Paradise papers

In November, a global elite, ranging from sporting and entertainment giants to multinationals and heads of state, were again exposed as engaging in complex tax avoidance schemes through a network of 19 offshore tax havens. The Paradise Papers project also shined a light on local business.

The Paradise Papers are a tranche of 13.4 million assorted confidential documents pertaining to offshore investments and tax avoidance which were initially leaked to two German journalists from the Süddeutsche Zeitung newspaper and then shared with the International Consortium of Investigative Journalists (ICIJ).

A subsequent BBC investigation uncovered evidence that several local businesses had engaged with aggressive tax avoidance practices. One such company is the Antrim-based Springhill Architectural Mouldings Ltd (SAM Mouldings). The business has been in operation since 1990, employs 160 people and produces MDF profiles and fibreboard.

Since 2008, Invest NI (formerly LEDU) has been a preferential shareholder in the company, within which a board member has a ‘beneficial interest’ (as a business growth mentor). However, the 264,967 £1 redeemable non-cumulative preference shares (originally 330,000) do not afford voting rights in any company decisions. The return on these preference shares is repayment of the original investment and an agreed 5.5 per cent rate of return. Invest NI has also offered £608,444 in financial assistance, £431,007 of which has been drawn-down since 2008.

In 2000, SAM Mouldings bought Department for Enterprise, Trade and Investment (now Department for the Economy) land for £280,000. The company then developed its business on the site and by 2014, the property (including factory and offices) was valued at £4 million.

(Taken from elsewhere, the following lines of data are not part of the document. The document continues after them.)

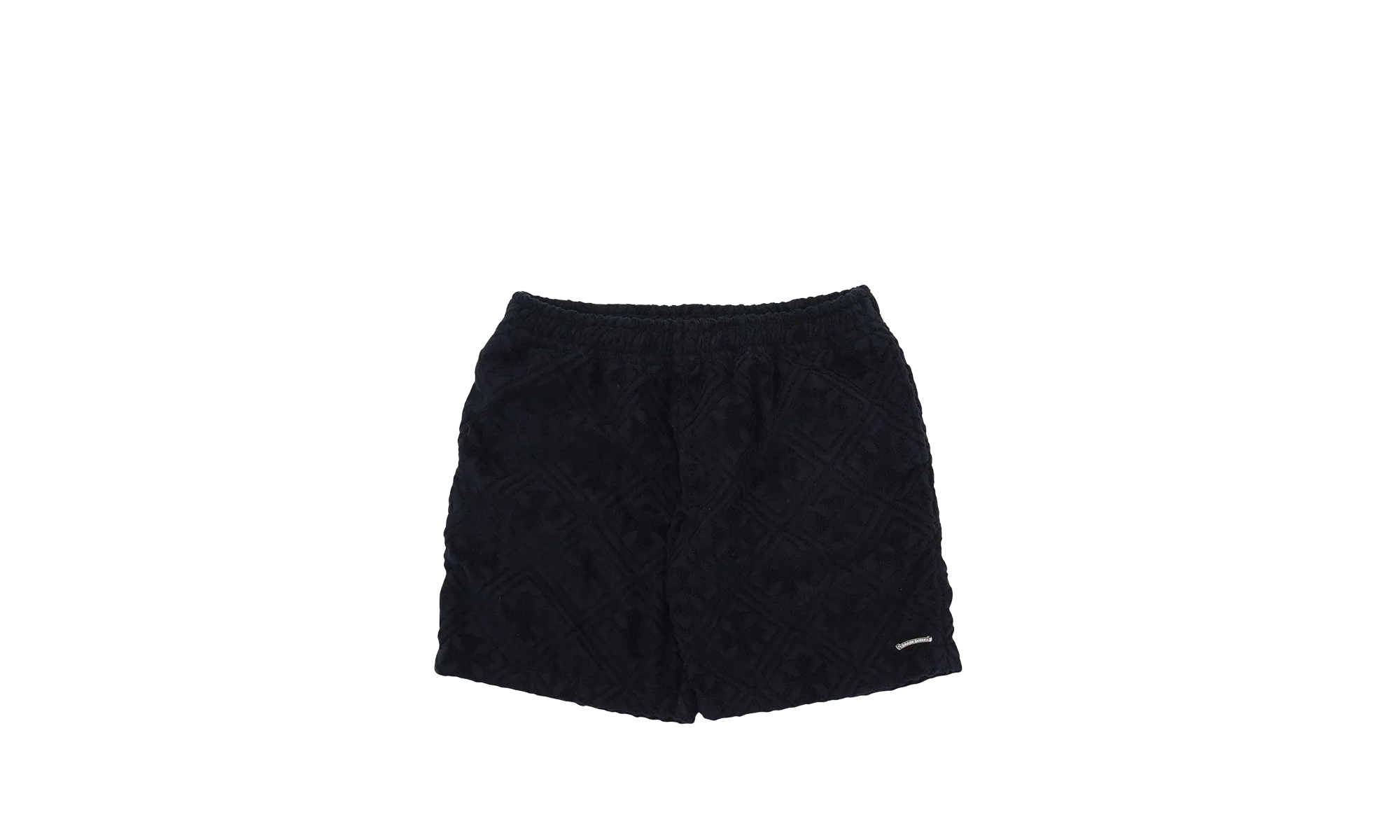 Terry Cloth Monogram Shorts "Black" CHRM0365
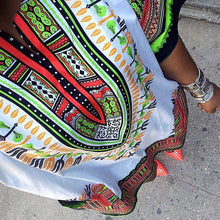 Women African Festival Dashiki Shirt Kaftan Boho Hippe Gypsy Festival Tops Party Dress LY3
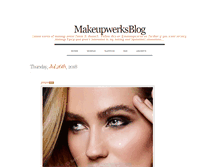 Tablet Screenshot of makeupwerksblog.tumblr.com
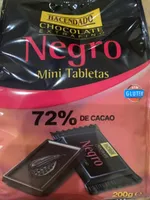 Chocolate extrafino negro minitabletas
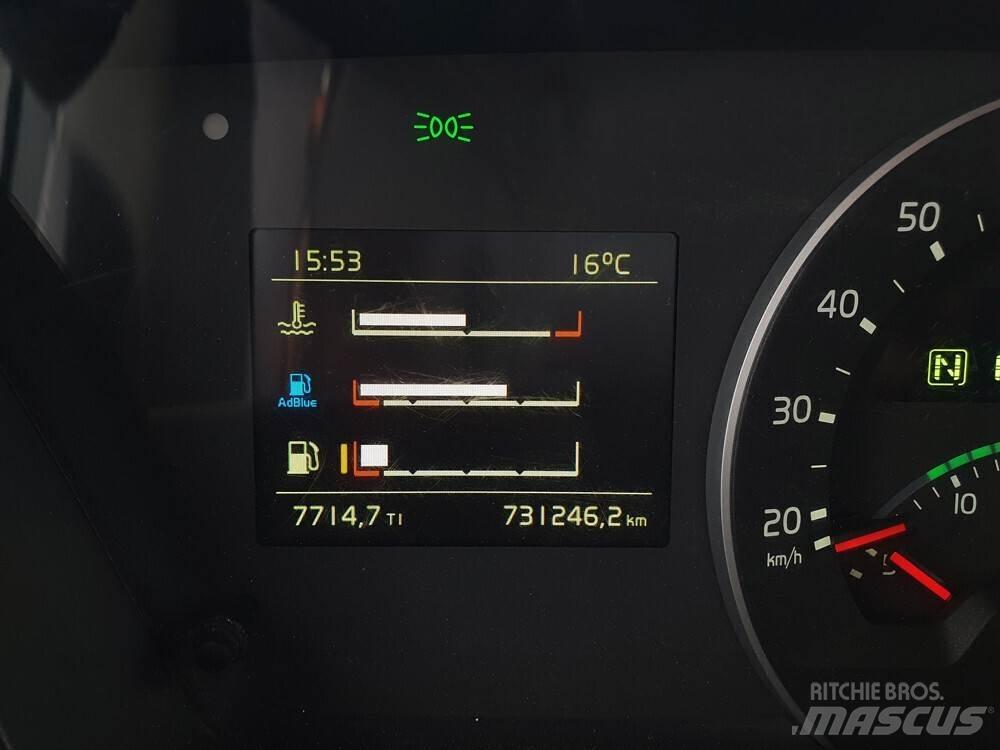 Volvo FH 6X2 -18 Konteinerių nuožulnaus pakėlimo ant platformos krautuvai
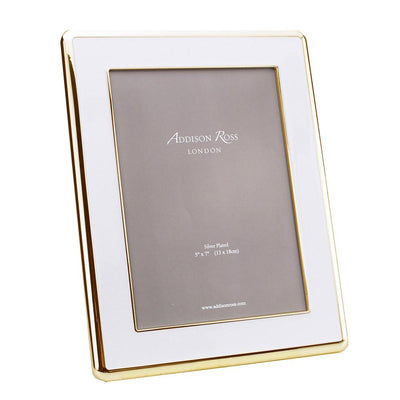 Gold and White Curve Frame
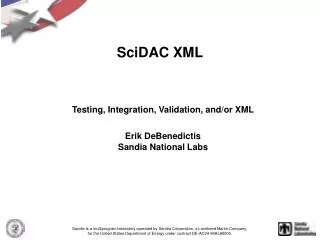 SciDAC XML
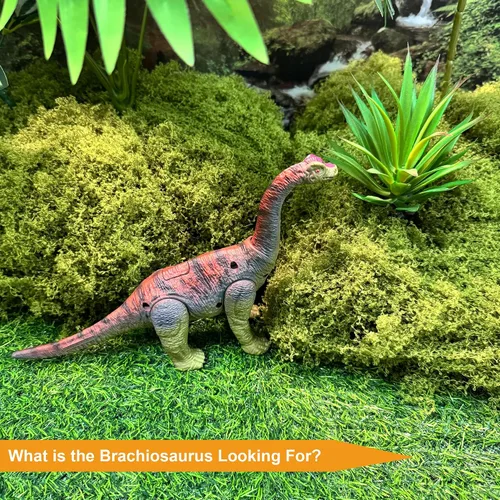 Vista 6 de EKU Juguetes de Dinosaurio Pterodáctilo con Aleteo de Alas Juguete Eudimorphodon, Cabeza se Mueve Ataca Brachiosaurus Styracosaurus Figuras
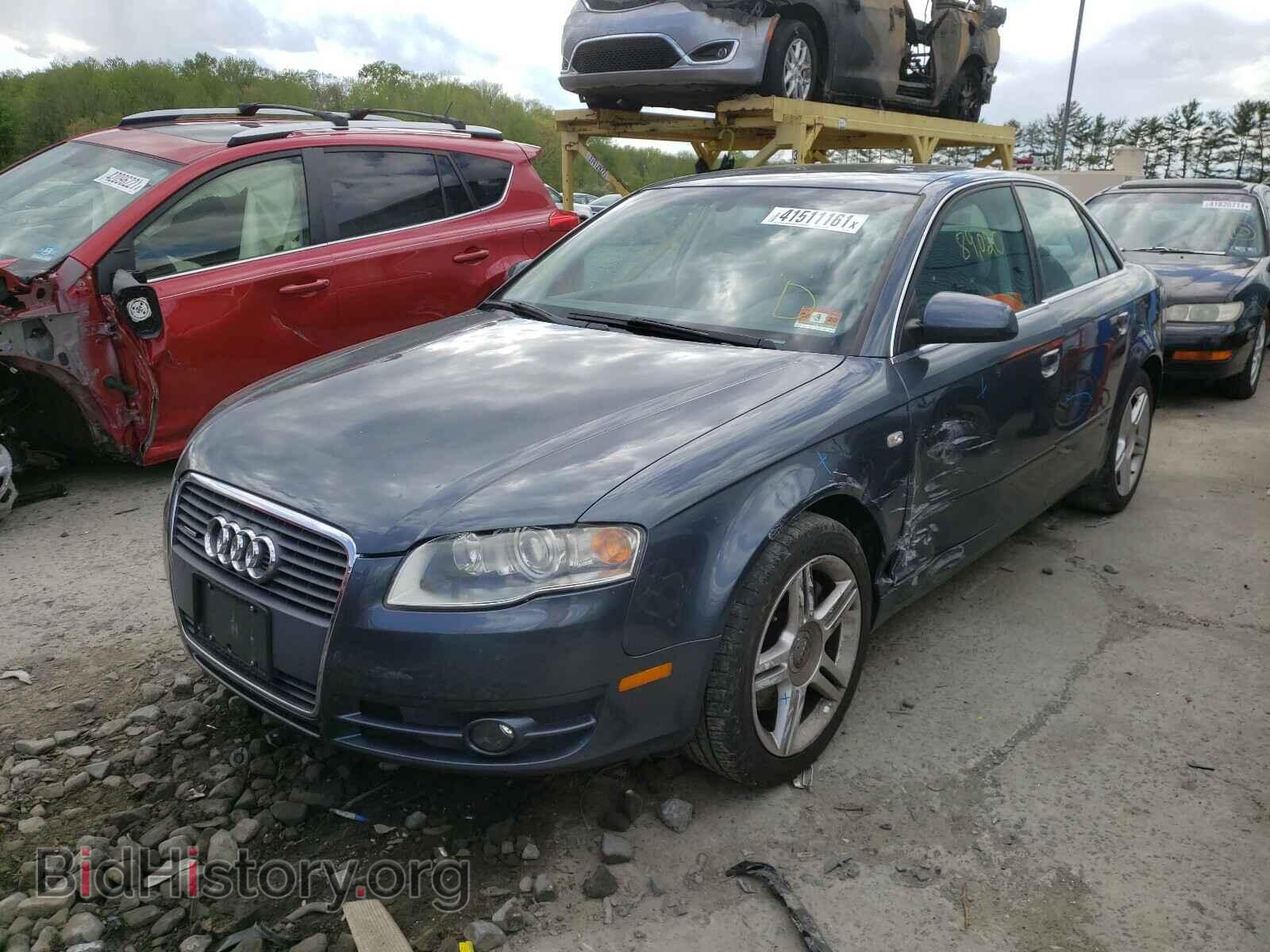 2007 AUDI A4 - VIN: WAUDF78E17A122182 - Фото 2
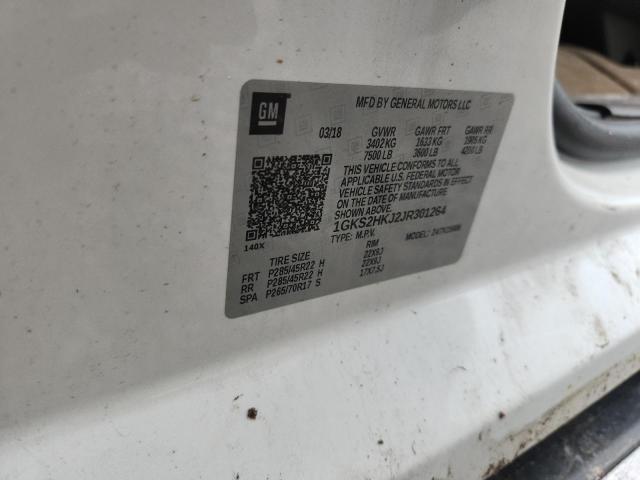 Aukcja sprzedaży 2018 Gmc Yukon Xl, vin: 1GKS2HKJ2JR301264, numer aukcji: 62834786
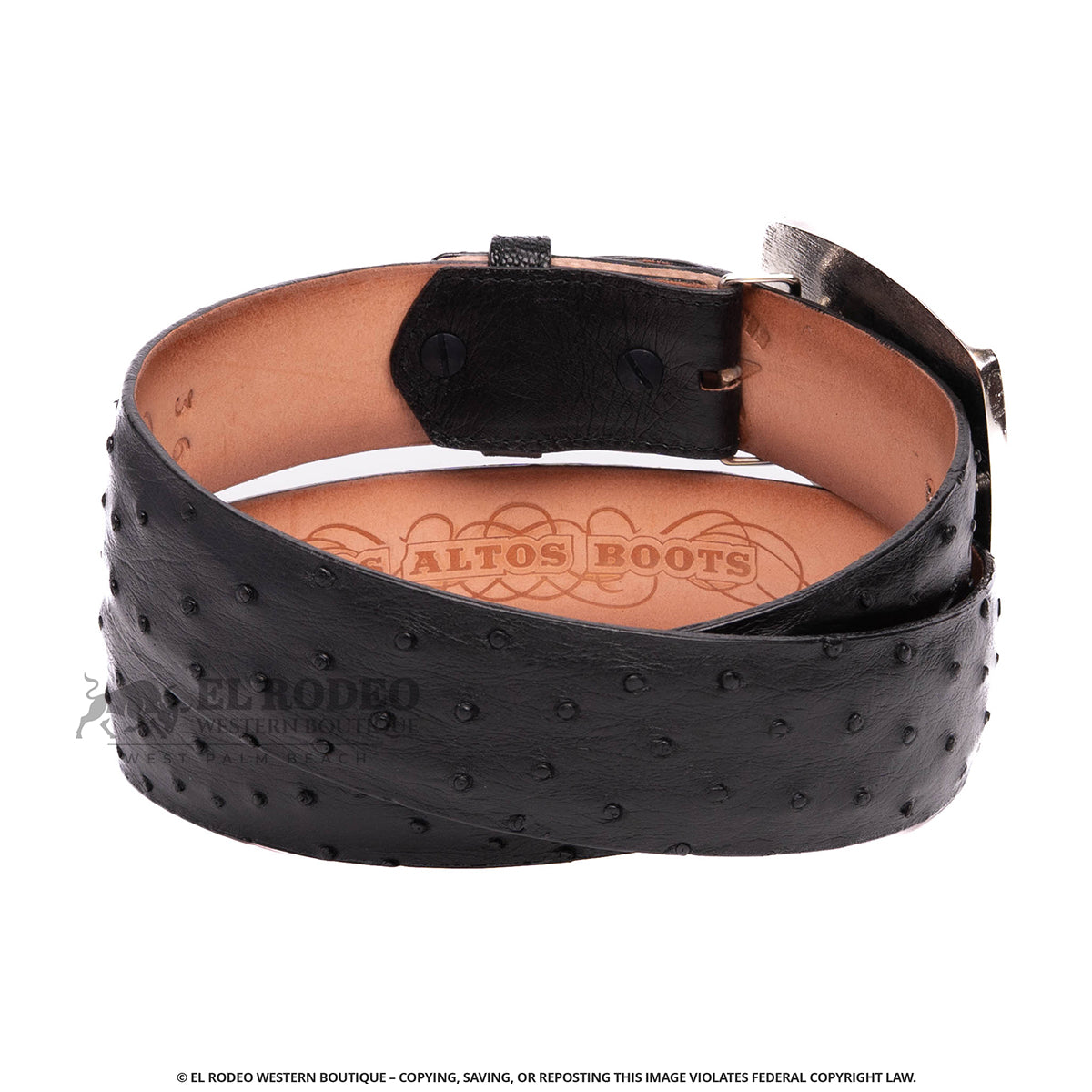 Men Los Altos Ostrich Belt C11A0305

In 2015, SAM Mouldings sold the property for a nominal fee of £1 to an ‘unconnected third party’ company in Mauritius. Leaked documents (including emails) indicate that the SAM Mouldings owners also had control of the Mauritian company (the owner directed the Mauritian company to buy shares off himself). Essentially, the owners had gifted the Antrim property to themselves.

Consequently, SAM Mouldings assumed a £270,000 annual rent bill. The rent was transferred through various intermediaries before reaching Mauritius where Global Business Category 1 (GBC1) companies are entitled to a foreign tax credit which means maximum effective tax rate is a mere three per cent. This is a form of ‘rent factoring’ whereby, in exchange for a single payment (in essence a loan), a company diverts future rents from a property to a financier. HMRC states: “By exchanging future income for a lump sum in this way the borrower aims to get tax relief that would not otherwise be available for loan repayments.”

As such, while SAM Mouldings paid £270,000 annual rent to the Mauritian company, the owner received a £200,000 loan. As a loan, only the inherent interest element of the rent is taxable. The owners, however, contend that they are fully compliant with HMRC obligations.

While Invest NI confirmed that it was aware of the property deal and had taken it into consideration, the tax-funded economic development agency referenced SAM Mouldings’ continued growth in both exports and employment and also its compliance with the repayment schedule for the preference shares. “A company’s tax planning is matter between it and HMRC,” it asserted in a statement to the BBC.